## Task to carry out
Among the lines below, take the one holding "Bezaubernde orangene Karikaturkatze", the one holding "Pre-owned Celine Mini", and all lines between them. Set them down exactly.

** Data excerpts follows **

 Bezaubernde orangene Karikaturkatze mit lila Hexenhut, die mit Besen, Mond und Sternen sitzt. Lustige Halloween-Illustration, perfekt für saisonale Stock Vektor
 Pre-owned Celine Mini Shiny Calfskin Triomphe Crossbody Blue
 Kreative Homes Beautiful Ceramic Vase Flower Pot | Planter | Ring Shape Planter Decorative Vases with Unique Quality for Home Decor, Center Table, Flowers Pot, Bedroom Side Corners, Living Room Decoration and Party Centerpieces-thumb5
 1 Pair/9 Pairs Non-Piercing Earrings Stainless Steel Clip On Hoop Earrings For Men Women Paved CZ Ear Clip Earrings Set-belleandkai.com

** End of Data excerpts **
** Data excerpts follows **

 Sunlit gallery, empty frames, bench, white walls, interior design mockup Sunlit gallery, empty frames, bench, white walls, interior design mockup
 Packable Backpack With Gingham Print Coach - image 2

** End of Data excerpts **
** Data excerpts follows **

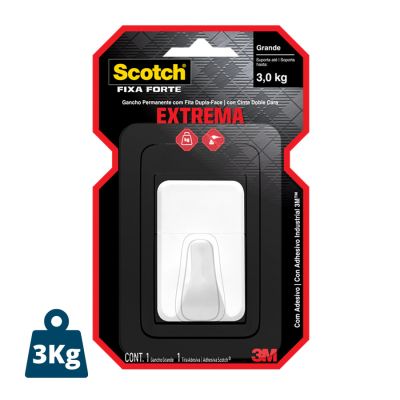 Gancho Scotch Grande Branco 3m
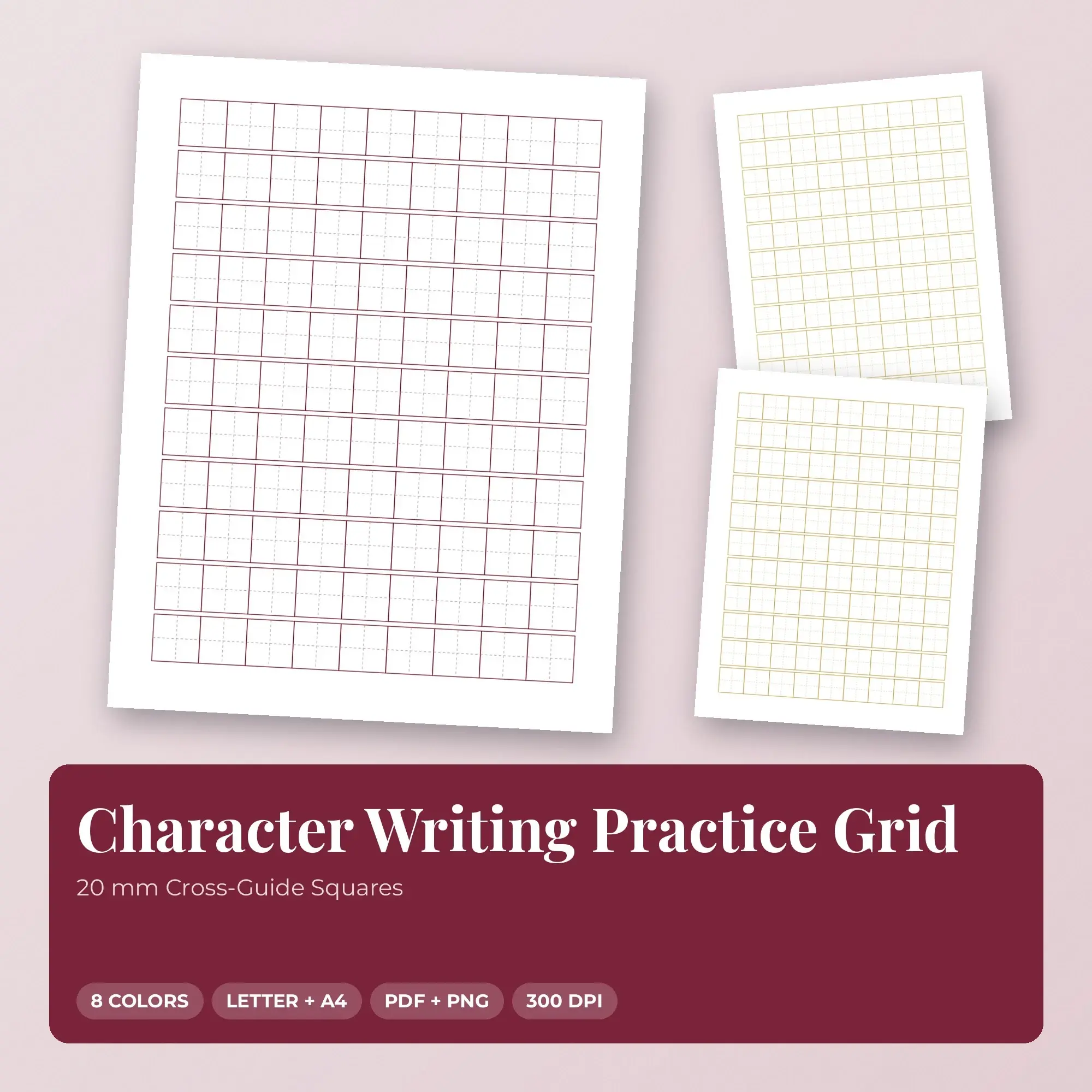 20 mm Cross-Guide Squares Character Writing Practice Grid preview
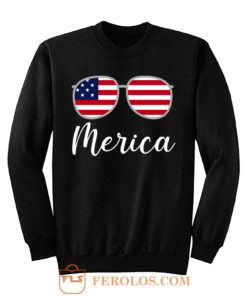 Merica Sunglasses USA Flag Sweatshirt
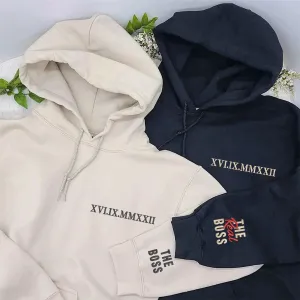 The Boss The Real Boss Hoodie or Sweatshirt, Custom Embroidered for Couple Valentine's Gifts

** End of Data excerpts **

## Result of this task
 Bezaubernde orangene Karikaturkatze mit lila Hexenhut, die mit Besen, Mond und Sternen sitzt. Lustige Halloween-Illustration, perfekt für saisonale Stock Vektor
 Pre-owned Celine Mini Shiny Calfskin Triomphe Crossbody Blue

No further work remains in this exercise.